▶ **Exercise prompt**
Copy everything in the listing below word for word, apart from any images.

▶ **Listed entries**
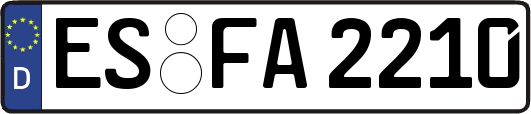 ES-FA2210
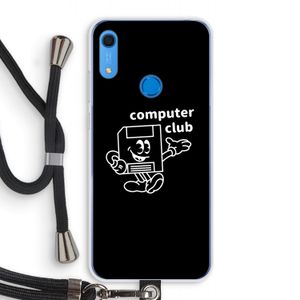 Floppyhead: Huawei Y6s Transparant Hoesje met koord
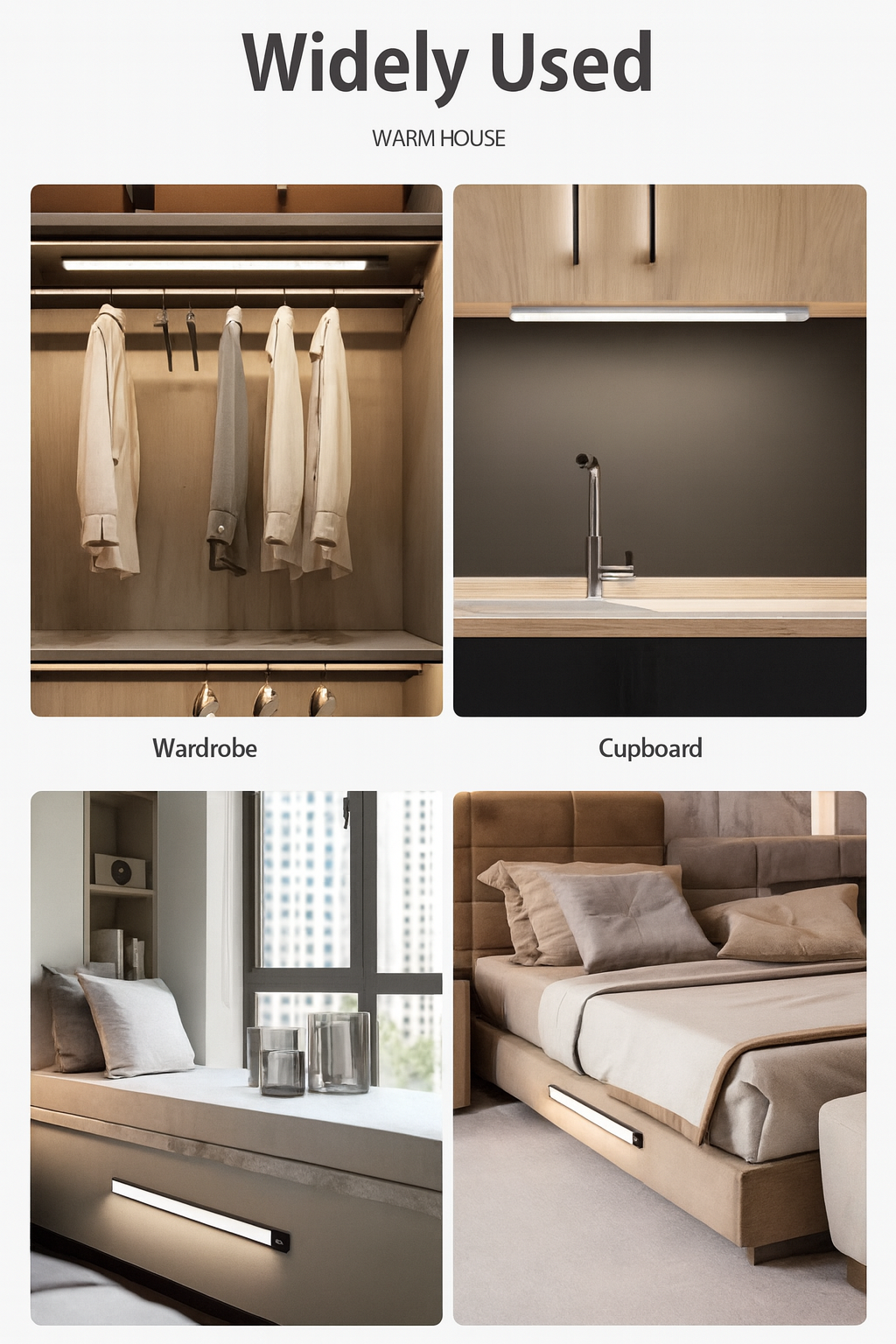 Rechargeable Motion Lamp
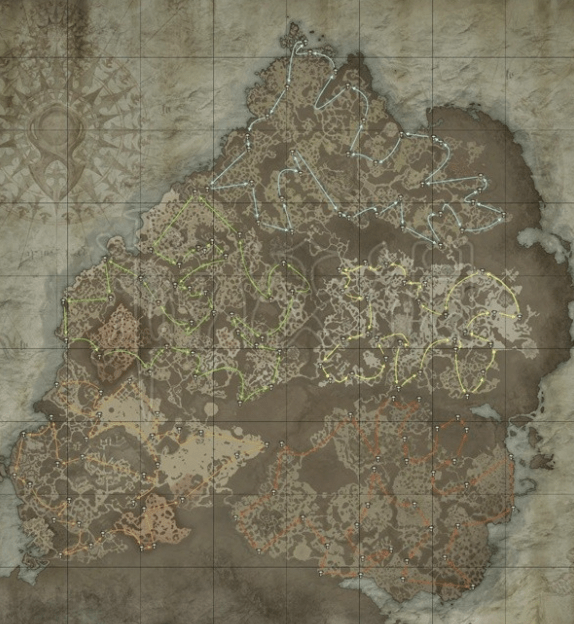 暗黑破坏神4莉莉丝祭坛在哪-暗黑破坏神4全莉莉丝祭坛位置及路线汇总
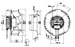 R3G310-RR05-H1 ebmpapst  Fans  500W
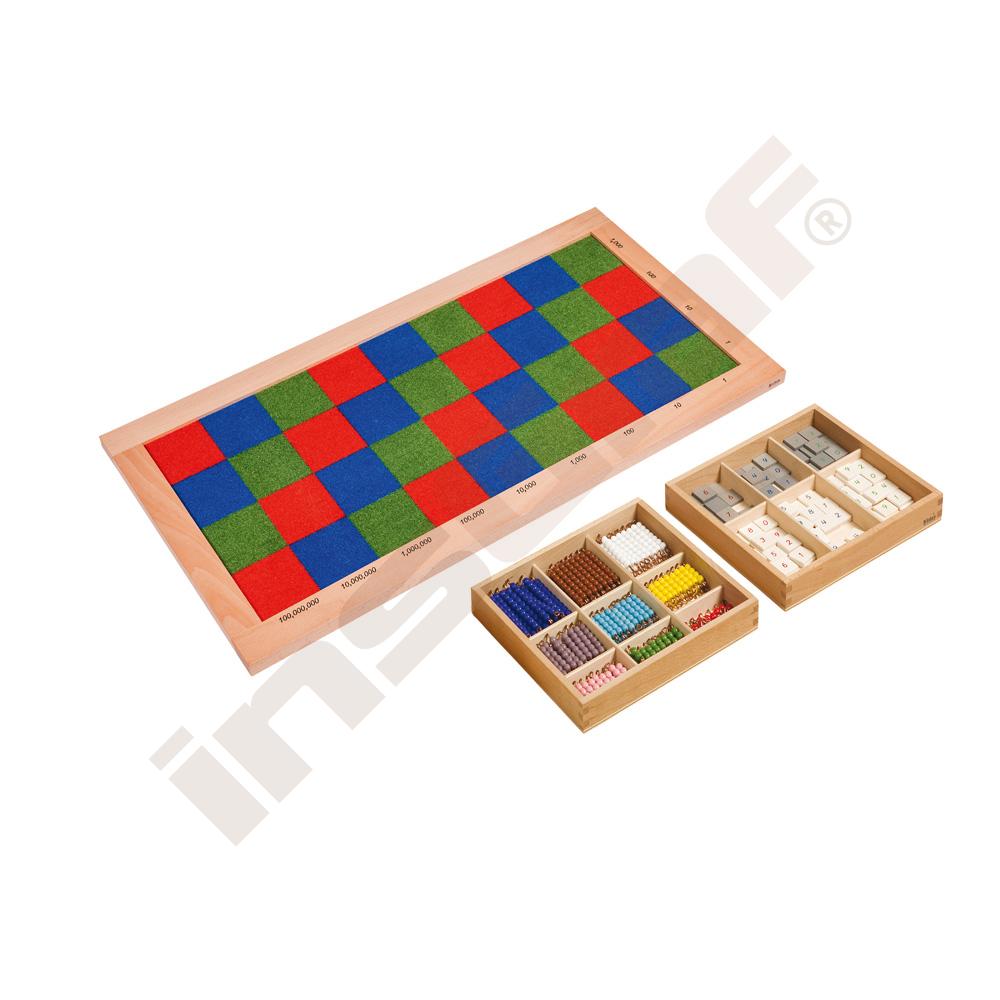 Montessori násobilka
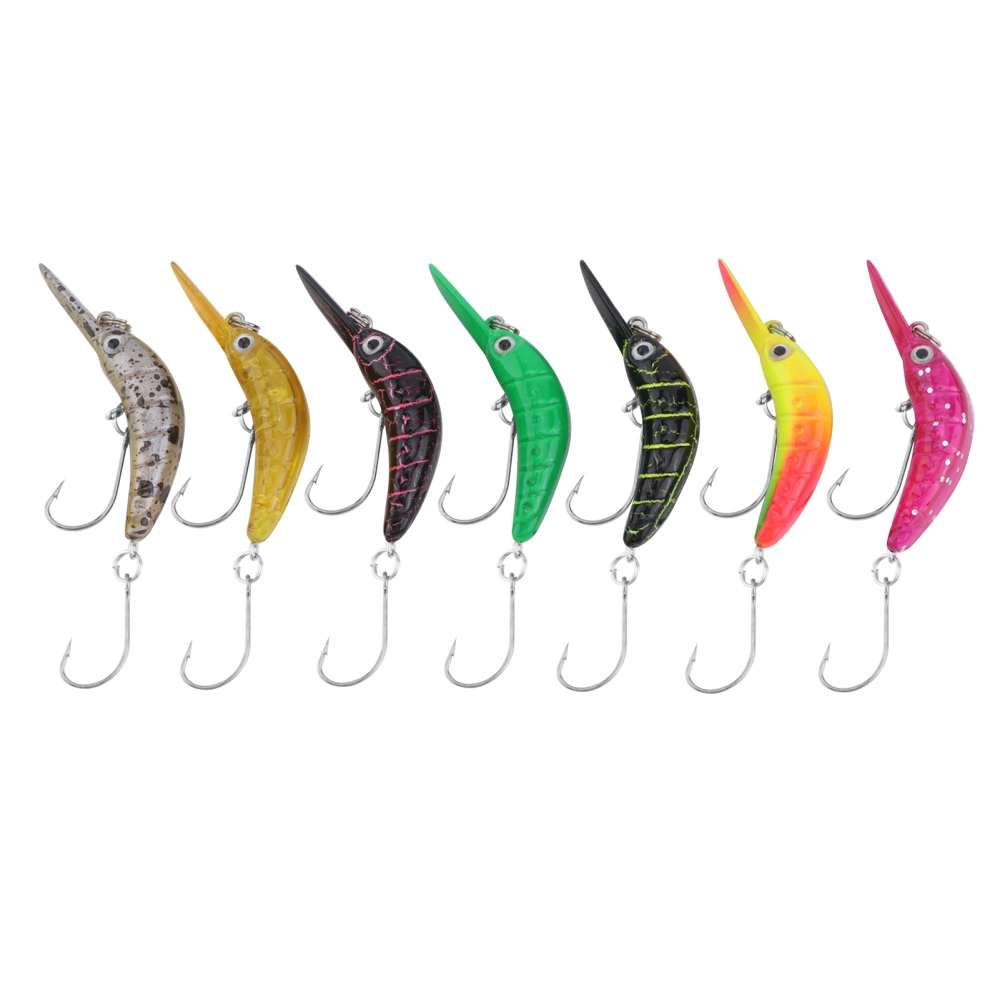 Fishing Lure Floating Crankbaits Hard Baits Artificial Mini Minnow Pike Bass Trout Bait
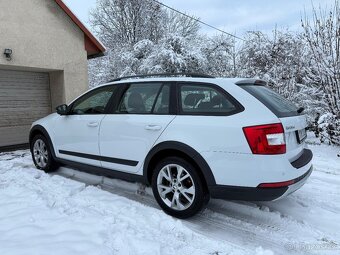 Škoda Octavia III Scout, 1,8TSi 132kW, DSG, 4x4 - 4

▶ **Response area**
 ES-FA2210
 Floppyhead: Huawei Y6s Transparant Hoesje met koord
 Rechargeable Motion Lamp
 暗黑破坏神4莉莉丝祭坛在哪-暗黑破坏神4全莉莉丝祭坛位置及路线汇总
 R3G310-RR05-H1 ebmpapst  Fans  500W
 Montessori násobilka
 Fishing Lure Floating Crankbaits Hard Baits Artificial Mini Minnow Pike Bass Trout Bait
 Škoda Octavia III Scout, 1,8TSi 132kW, DSG, 4x4 - 4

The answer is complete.